Etched, a startup that builds transformer-focused chips, just announced Sohu, an application-specific integrated circuit (ASIC) that claims to beat Nvidia’s H100 in terms of AI LLM inference. A single 8xSohu server is said to equal the performance of 160 H100 GPUs, meaning data processing centers can save both on initial and operational costs if the Sohu meets expectations.
According to the company, current AI accelerators, whether CPUs or GPUs, are designed to work with different AI architectures. These differing frameworks and designs mean hardware must be able to support various models, like convolution neural networks, long short-term memory networks, state space models, and so on. Because these models are tuned to different architectures, most current AI chips allocate a large portion of their computing power to programmability.
Most large language models (LLMs) use matrix multiplication for the majority of their compute tasks and Etched estimated that Nvidia’s H100 GPUs only use 3.3% percent of their transistors for this key task. This means that the remaining 96.7% silicon is used for other tasks, which are still essential for general-purpose AI chips.
However, the transformer AI architecture has become very popular as of late. For example, ChatGPT, arguably the most popular LLM today, is based on a transformer model. In fact, it’s in the name — Chat generative pre-trained transformer (GPT). Other competing models like Sora, Gemini, Stable Diffusion, and DALL-E are all also based on transformer models.

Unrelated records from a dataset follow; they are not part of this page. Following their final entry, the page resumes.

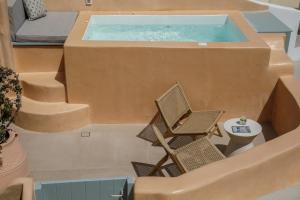 Annouso Villa with Hot Tub by Caldera Houses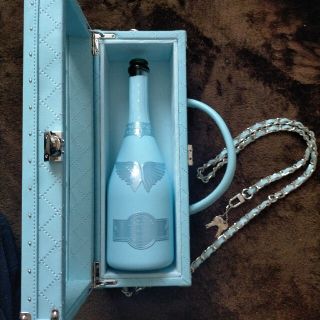 美品 エンジェル シャンパン ドゥミセック ブルー 鍵付き 空き瓶 水色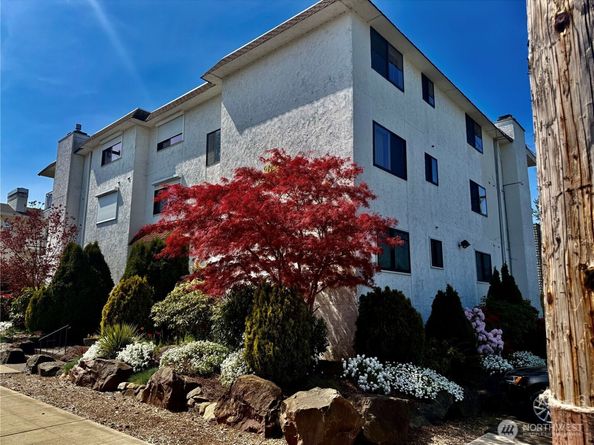 11755 Greenwood Avenue N 203, Seattle WA 98133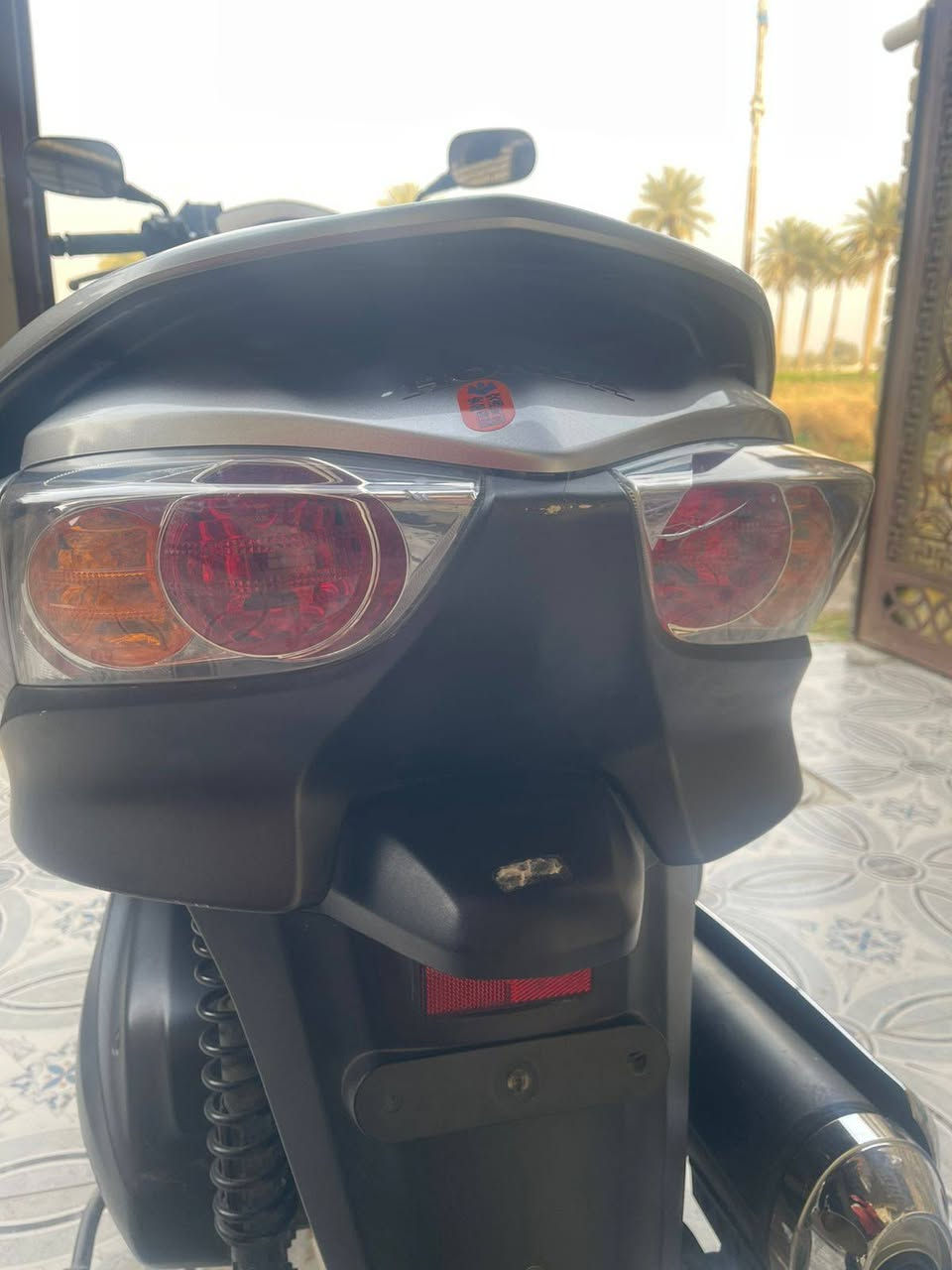 السلام عليكم ورحمة الله وبركاته
فورزا 010 
كير شغال 4 تحويلات و 7 نمر 
منضومه زينون كامله عليها
ABS امامي خلفي مزدوج
بصمه + اسويج 
عليه ادامه كاملة 
مكينه خير من الله ما مفتوحه
شلعه ومعدل خير من الله
كهربائيات كلها شغاله
كفرات نضافة 85 %
نازله رمبة شهر التاسع من معرض تبارك 
العنوان/ بغداد حي القاهرة
السعر  ١٣ ورقة وبيها مجال قليل حك الجيه للطيبين
للاستفسار اكثر
 ***********
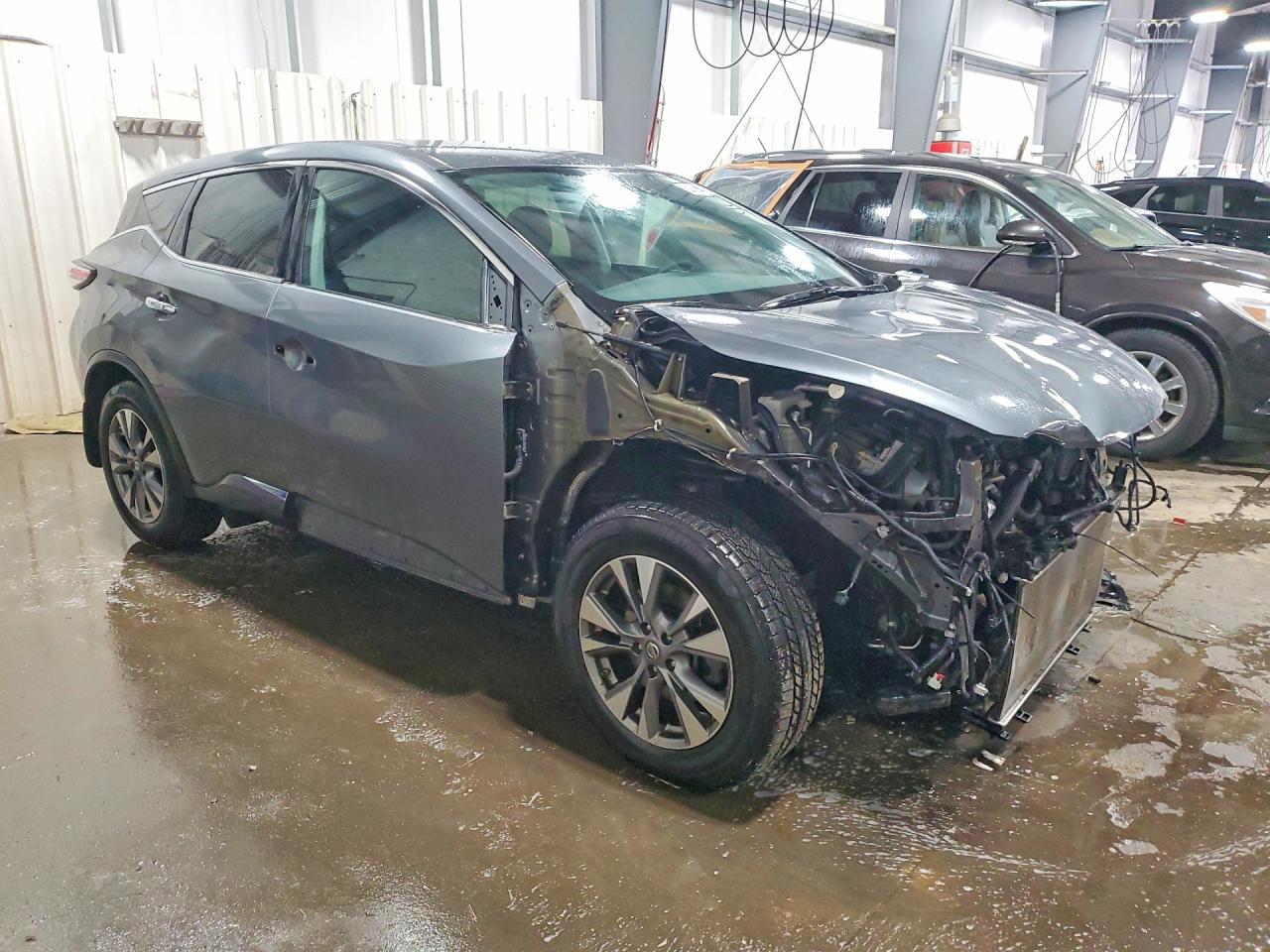 2016 Nissan Murano S - Image 4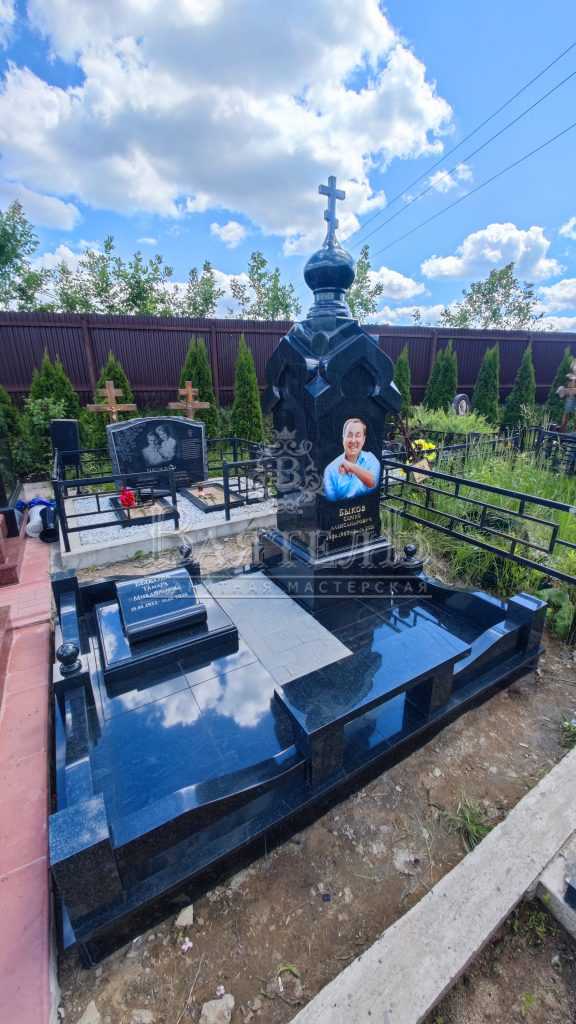 Надгробный комплекс из двух могил с цветным портретом 18 Надгробный комплекс из двух могил с цветным портретом 13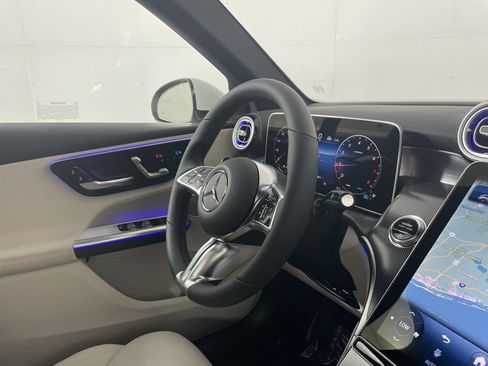 New 2026 Mercedes-Benz GLC 300 image 10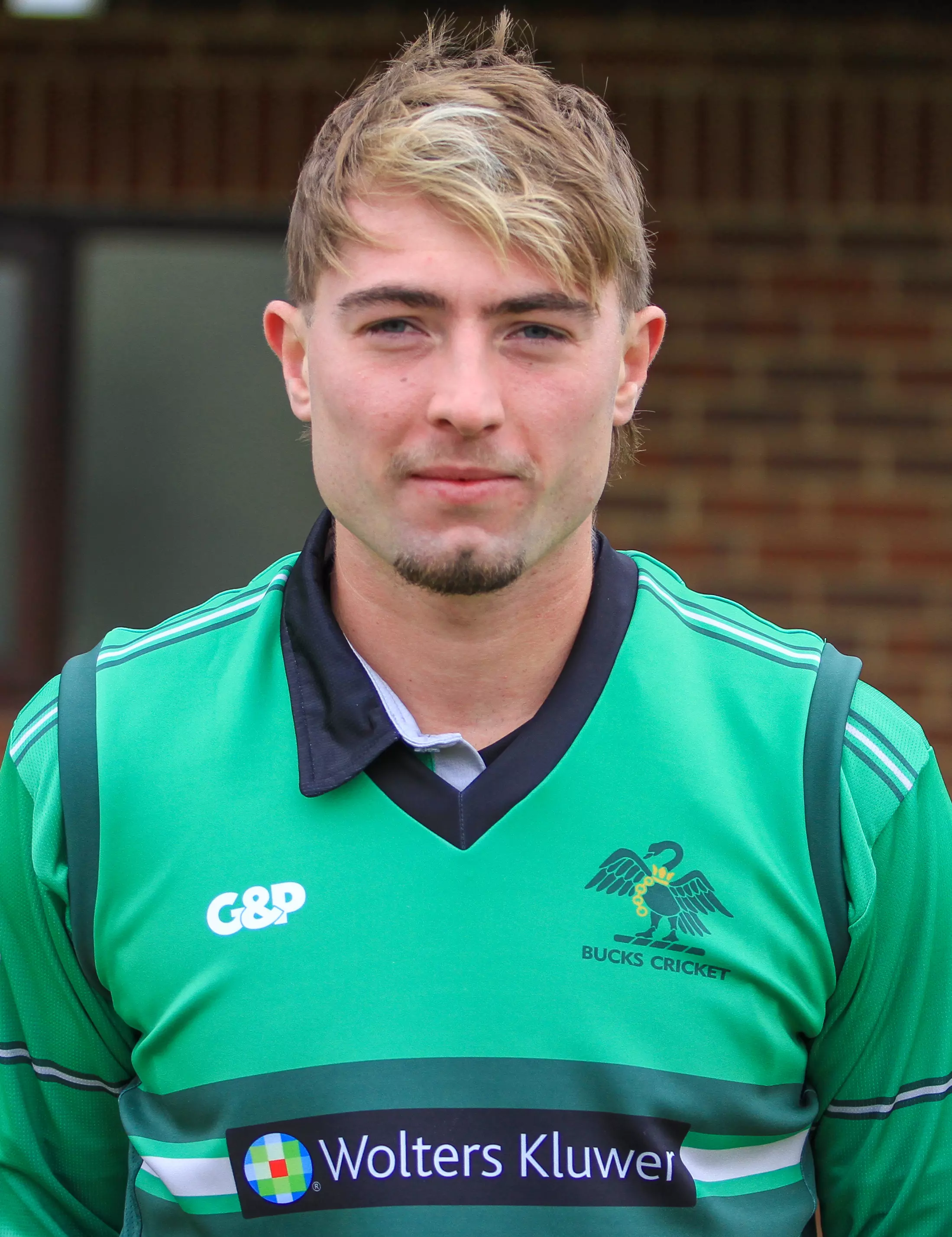 Cameron_Hemp_BucksCricketMens1stXI_Website_Mugshot.jpg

Etched made a huge bet on transformers a couple of years ago when it started the Sohu project. This chip bakes in the transformer architecture into the hardware, thus allowing it to allocate more transistors to AI compute. We can liken this with processors and graphics cards — let’s say current AI chips are CPUs, which can do many different things, and then the transformer model is like the graphics demands of a game title. Sure, the CPU can still process these graphics demands, but it won’t do it as fast or as efficiently as a GPU. A GPU that’s specialized in processing visuals will make graphics rendering faster and more efficient, that’s because its hardware is specifically designed for that.
This is what Etched did with Sohu. Instead of making a chip that can accommodate every single AI architecture, it built one that only works with transformer models. When it started the project in 2022, ChatGPT didn’t even exist. But then it exploded in popularity in 2023, and the company’s gamble now looks like it is about to pay off — big time.
Nvidia is currently one of the most valuable companies in the world, posting record revenues ever since the demand for AI GPUs surged. It even shipped 3.76M data center GPUs in 2023, and this is trending to grow more this year. But Sohu’s launch could threaten Nvidia’s leadership in the AI space, especially if companies that exclusively use transformer models move to Sohu. After all, efficiency is the key to winning the AI race, and anyone who can run these models on the fastest, most affordable hardware will take the lead.
Ever since AI data centers started popping up left and right, many experts have raised their concerns over the power consumption crisis this power-hungry infrastructure will lead us to. Meta founder Mark Zuckerberg says electricity supply will constrain AI growth, and even the U.S. government has stepped in to discuss AI power demands. All the GPUs sold last year consume more power than 1.3 million homes, but if Etched’s approach to AI computing with Sohu takes off, we can perhaps reduce AI power demands to more manageable levels, allowing the electricity grid to catch up as our computing needs grow more sustainably.